Starting at the top of the records, output every line through the one that contains "In Francia la", keeping each exactly as it appears.
'''
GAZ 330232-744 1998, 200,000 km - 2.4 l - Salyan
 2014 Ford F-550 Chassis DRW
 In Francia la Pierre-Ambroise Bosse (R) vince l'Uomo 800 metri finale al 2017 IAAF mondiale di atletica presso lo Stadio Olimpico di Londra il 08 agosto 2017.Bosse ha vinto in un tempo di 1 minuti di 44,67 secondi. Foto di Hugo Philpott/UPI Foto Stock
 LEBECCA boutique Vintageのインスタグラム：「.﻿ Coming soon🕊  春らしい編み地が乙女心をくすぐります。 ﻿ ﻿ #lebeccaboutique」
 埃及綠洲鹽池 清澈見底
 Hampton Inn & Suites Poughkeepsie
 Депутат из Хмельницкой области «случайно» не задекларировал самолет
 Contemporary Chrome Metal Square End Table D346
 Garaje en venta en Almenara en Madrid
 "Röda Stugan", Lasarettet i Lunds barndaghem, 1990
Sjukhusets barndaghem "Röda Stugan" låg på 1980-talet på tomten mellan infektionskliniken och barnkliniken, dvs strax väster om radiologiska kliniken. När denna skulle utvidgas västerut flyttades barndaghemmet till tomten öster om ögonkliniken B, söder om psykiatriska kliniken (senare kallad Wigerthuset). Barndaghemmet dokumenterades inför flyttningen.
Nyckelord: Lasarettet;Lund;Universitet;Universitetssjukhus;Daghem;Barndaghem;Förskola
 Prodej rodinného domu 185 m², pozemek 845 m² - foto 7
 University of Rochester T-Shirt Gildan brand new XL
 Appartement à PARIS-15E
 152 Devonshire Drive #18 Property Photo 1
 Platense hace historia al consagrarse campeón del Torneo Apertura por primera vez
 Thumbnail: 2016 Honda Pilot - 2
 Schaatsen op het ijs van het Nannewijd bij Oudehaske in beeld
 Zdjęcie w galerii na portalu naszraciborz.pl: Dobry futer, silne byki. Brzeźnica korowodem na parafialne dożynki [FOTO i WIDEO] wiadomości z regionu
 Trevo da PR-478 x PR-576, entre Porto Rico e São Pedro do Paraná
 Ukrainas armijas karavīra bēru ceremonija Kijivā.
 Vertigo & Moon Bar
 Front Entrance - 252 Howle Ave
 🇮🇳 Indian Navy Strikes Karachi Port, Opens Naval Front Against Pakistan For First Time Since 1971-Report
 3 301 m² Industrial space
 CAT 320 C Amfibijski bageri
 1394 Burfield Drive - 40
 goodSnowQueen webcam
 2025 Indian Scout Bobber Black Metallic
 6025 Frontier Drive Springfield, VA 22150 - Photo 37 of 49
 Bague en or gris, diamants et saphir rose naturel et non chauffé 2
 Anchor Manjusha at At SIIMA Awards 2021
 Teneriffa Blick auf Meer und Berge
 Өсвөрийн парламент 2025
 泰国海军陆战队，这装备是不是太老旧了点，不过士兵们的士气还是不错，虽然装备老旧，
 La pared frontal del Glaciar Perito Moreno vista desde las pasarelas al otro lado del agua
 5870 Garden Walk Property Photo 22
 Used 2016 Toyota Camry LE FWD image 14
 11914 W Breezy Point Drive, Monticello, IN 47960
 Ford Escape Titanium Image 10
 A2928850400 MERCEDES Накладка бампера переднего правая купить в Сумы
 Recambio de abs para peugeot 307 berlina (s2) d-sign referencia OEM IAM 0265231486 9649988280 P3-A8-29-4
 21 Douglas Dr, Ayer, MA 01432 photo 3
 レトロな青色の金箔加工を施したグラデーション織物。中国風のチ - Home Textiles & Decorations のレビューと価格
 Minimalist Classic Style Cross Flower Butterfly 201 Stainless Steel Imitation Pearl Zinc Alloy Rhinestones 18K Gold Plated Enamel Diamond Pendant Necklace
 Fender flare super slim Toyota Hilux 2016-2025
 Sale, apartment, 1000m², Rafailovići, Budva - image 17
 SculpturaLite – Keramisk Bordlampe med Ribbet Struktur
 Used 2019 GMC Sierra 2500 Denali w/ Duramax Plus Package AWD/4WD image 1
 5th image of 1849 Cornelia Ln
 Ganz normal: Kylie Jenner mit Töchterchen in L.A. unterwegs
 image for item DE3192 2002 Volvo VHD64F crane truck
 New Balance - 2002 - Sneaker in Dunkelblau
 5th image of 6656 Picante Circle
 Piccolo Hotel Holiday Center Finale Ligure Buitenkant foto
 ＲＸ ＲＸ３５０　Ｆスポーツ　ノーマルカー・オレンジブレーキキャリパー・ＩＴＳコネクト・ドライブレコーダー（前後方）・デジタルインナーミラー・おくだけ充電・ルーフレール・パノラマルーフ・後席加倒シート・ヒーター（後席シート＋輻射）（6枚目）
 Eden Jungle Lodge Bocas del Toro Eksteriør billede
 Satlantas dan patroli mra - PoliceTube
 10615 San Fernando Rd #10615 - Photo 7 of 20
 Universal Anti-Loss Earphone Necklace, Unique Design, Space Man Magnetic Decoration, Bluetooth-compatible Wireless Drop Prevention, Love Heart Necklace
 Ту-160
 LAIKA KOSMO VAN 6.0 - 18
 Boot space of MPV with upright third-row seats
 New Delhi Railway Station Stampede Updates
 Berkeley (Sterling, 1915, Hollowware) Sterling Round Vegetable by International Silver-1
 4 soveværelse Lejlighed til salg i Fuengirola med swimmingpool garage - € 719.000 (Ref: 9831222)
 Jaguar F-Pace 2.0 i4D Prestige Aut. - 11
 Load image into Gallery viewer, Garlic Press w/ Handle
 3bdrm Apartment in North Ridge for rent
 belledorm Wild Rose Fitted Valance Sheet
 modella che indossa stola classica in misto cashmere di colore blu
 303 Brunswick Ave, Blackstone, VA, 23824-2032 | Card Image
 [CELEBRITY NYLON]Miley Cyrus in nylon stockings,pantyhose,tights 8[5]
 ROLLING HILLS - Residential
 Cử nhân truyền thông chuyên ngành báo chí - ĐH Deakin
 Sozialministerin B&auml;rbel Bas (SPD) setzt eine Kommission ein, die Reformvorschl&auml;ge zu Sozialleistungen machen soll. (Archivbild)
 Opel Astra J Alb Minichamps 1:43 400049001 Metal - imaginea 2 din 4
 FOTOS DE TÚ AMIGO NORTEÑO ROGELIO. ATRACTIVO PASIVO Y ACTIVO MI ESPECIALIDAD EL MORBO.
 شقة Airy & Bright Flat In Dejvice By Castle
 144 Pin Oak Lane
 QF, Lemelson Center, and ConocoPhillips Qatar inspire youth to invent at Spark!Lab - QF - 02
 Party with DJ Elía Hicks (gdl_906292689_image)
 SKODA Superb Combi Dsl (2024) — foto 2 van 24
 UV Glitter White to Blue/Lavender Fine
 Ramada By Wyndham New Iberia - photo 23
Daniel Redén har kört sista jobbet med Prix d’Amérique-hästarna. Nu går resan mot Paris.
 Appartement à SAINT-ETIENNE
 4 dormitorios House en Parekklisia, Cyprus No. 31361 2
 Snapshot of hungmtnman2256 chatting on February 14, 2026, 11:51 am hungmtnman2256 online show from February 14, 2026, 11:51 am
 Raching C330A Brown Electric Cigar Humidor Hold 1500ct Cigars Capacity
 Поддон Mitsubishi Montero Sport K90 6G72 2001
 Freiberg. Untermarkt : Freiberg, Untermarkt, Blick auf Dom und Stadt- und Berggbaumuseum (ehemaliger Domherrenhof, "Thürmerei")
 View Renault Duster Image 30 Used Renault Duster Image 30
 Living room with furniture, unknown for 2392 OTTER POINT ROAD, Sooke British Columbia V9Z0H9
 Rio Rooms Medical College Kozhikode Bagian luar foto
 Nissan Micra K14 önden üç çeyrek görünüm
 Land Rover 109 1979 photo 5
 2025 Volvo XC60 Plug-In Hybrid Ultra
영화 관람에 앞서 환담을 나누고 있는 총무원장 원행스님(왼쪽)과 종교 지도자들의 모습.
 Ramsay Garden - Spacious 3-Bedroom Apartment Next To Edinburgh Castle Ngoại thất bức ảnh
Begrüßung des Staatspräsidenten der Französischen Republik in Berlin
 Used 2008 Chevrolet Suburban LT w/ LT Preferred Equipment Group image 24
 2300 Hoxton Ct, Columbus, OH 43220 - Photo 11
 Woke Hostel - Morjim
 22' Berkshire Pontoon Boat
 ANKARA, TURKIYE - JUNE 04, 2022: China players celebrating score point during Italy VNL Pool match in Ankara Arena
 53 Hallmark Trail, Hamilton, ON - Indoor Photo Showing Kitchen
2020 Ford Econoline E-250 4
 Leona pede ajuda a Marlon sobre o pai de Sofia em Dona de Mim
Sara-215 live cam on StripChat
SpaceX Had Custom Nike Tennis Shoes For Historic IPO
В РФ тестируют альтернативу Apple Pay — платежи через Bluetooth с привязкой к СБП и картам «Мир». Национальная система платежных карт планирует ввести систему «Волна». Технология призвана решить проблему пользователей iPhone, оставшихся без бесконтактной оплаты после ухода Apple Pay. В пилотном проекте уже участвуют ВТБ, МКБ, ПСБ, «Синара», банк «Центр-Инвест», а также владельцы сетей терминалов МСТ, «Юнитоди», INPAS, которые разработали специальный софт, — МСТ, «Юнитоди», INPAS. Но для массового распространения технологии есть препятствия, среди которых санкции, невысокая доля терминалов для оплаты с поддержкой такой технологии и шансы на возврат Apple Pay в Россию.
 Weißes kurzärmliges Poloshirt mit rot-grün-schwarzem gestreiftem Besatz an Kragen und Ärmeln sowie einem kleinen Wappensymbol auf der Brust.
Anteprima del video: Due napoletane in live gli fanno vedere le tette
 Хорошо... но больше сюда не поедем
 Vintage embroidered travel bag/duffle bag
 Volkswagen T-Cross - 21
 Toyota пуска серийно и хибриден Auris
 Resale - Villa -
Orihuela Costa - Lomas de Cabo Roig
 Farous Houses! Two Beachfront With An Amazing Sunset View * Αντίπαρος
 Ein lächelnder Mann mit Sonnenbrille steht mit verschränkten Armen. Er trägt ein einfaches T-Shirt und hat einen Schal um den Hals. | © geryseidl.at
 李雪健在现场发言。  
'''
→ **RESPONSE FOR THIS EXERCISE**:
GAZ 330232-744 1998, 200,000 km - 2.4 l - Salyan
 2014 Ford F-550 Chassis DRW
 In Francia la Pierre-Ambroise Bosse (R) vince l'Uomo 800 metri finale al 2017 IAAF mondiale di atletica presso lo Stadio Olimpico di Londra il 08 agosto 2017.Bosse ha vinto in un tempo di 1 minuti di 44,67 secondi. Foto di Hugo Philpott/UPI Foto Stock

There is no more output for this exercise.